The Israeli Shekel (ILS) is divided into 100 agorot (singular is agora). Money can be changed in the small exchange bureaux found on most main streets, or at banks and hotels. ATMs are prevalent throughout the country and linked to American systems. Most banks are open Sunday through to Friday until noon, and are open again from 4pm till 6pm on Sundays, Tuesdays and Thursdays. Major credit cards are widely accepted, as are travellers cheques, though commission on these is high.

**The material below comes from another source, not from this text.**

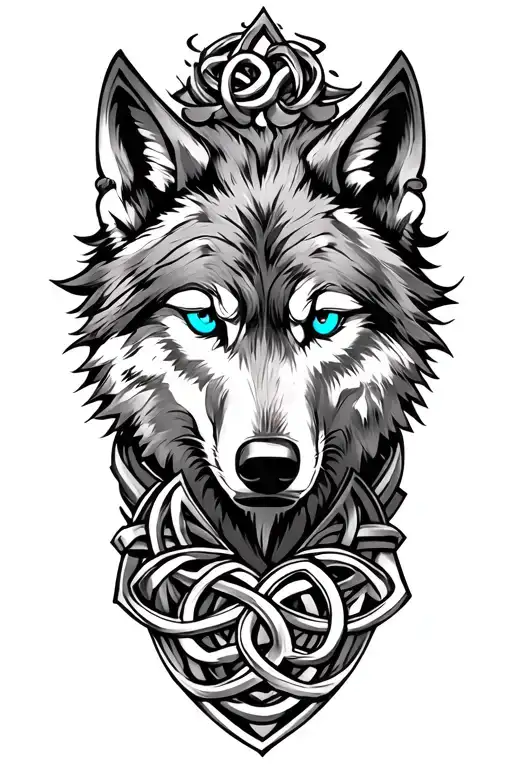 wolf with blue eyes on armor tattoo design featuring Celtic trinity knot  tattoo design idea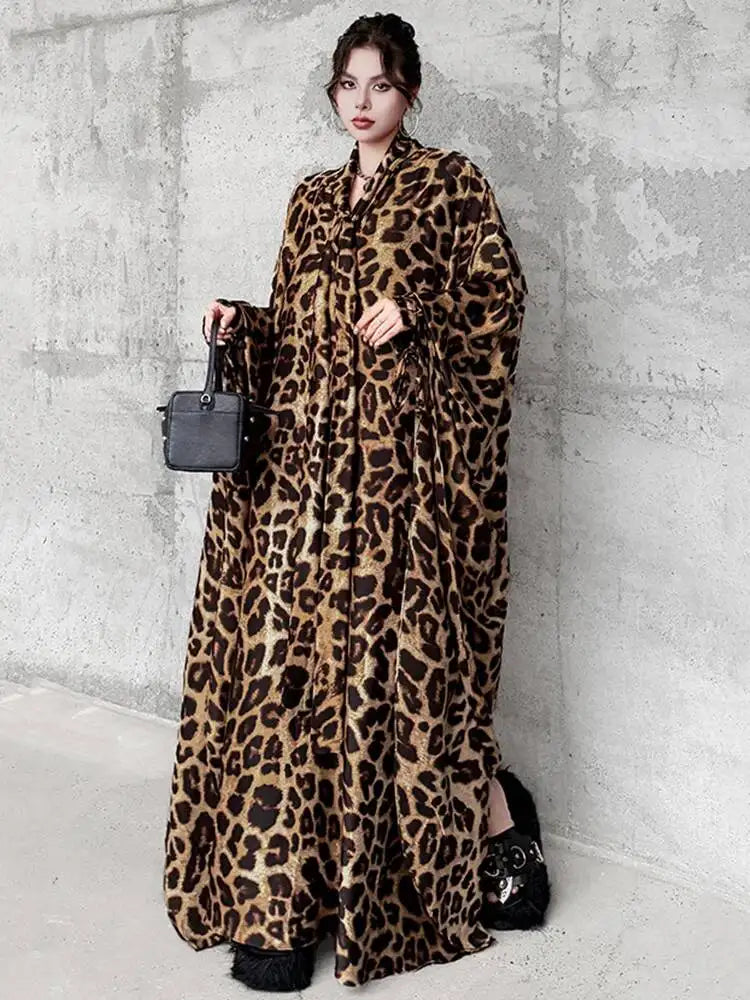 Leopard Print V-Neck Long Sleeve Midi Dress for Women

All foreign passengers to Israel must hold proof of sufficient funds to cover their stay in the country. Additionally, visitors should hold return/onward tickets, and the necessary travel documentation for their next destination. Note that holders of a visa category "Aliyah" are allowed to enter Israel on a one-way ticket. Passengers intending to proceed from Israel to Arab countries other than Egypt, Jordan or the United Arab Emirates should ensure that their passport does not contain an Israeli visa or stamps, since no passenger is allowed to enter other Arab countries with such passports. Passengers who, after a three months' stay in Israel are permitted to stay for a longer period, will obtain the extension stamp in their passport - it is NOT possible to have it stamped on a separate sheet. Note that travellers may enter Jordan directly from occupied territory, but must hold a visa for Jordan (to be obtained from a representation of Jordan abroad), otherwise entry will be refused. The Jordanian authorities will NOT permit re-cross to occupied territory. Travellers may also enter occupied territory directly from Jordan. The Israeli authorities will permit a re-cross to Jordanian territory. NOTE: It is highly recommended that your passport has at least six months validity remaining after your intended date of departure from your travel destination. Immigration officials often apply different rules to those stated by travel agents and official sources.

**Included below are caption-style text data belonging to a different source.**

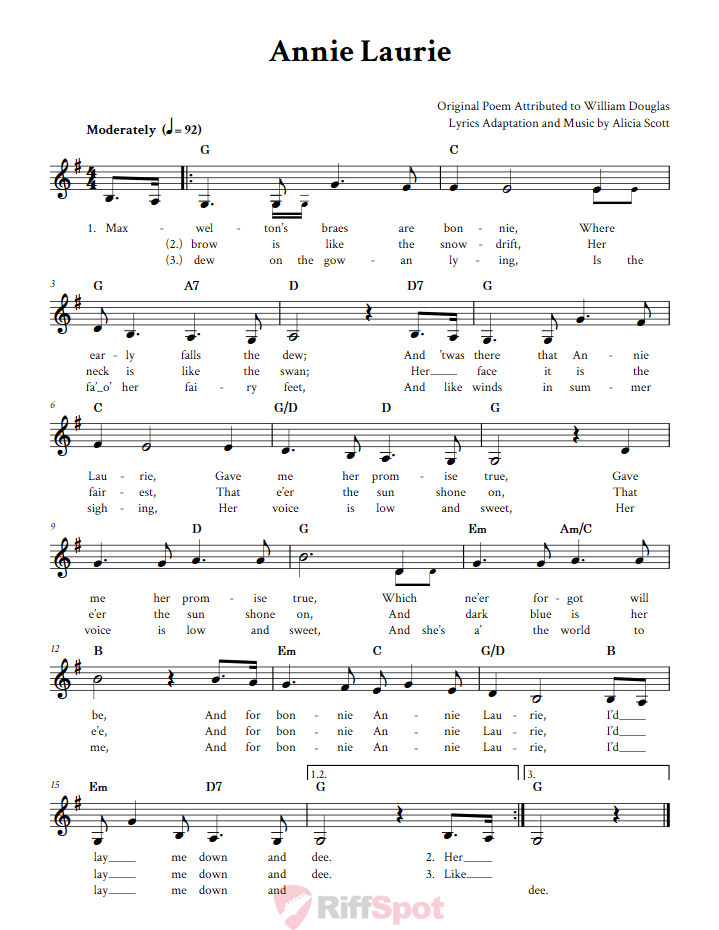 Annie Laurie Treble Clef Sheet Music for F Instruments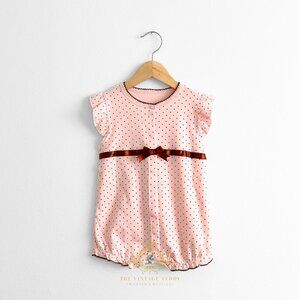 NWT Pretty Girls One-piece Romper Bubble Ruffled Polkadots Blush & Brown 6-9M
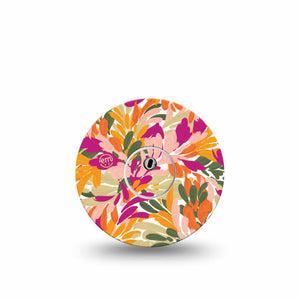 ExpressionMed Retro Brush Stroke Freestyle Libre 3 and Libre 3 Plus Tape Single Tape and Single Sticker Tropical-Inspired Bright Pattern, Adhesive Tape Continuous Glucose Monitor Design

Travellers in Israel should maintain a high level of vigilance and keep up to date with developments. The risk of terrorist attacks remains high and travellers to the region, including Jerusalem, need to exercise caution particularly around locations specifically targeted by attacks in the past such as bars, nightclubs, markets and buses. Suicide bombers have targeted crowded public areas resulting in hundreds of deaths and injuries over the years, and although foreigners have not been specific targets, many have been caught up in the attacks. Check with local embassies for the latest travel advisory notices. All travel to the Gaza Strip and the West Bank should be avoided. There is also a continuing threat of kidnap of foreign nationals in the Gaza Strip and West Bank.
Tipping in Israel, according to the level of service, is expected (unless a service charge is added to the bill).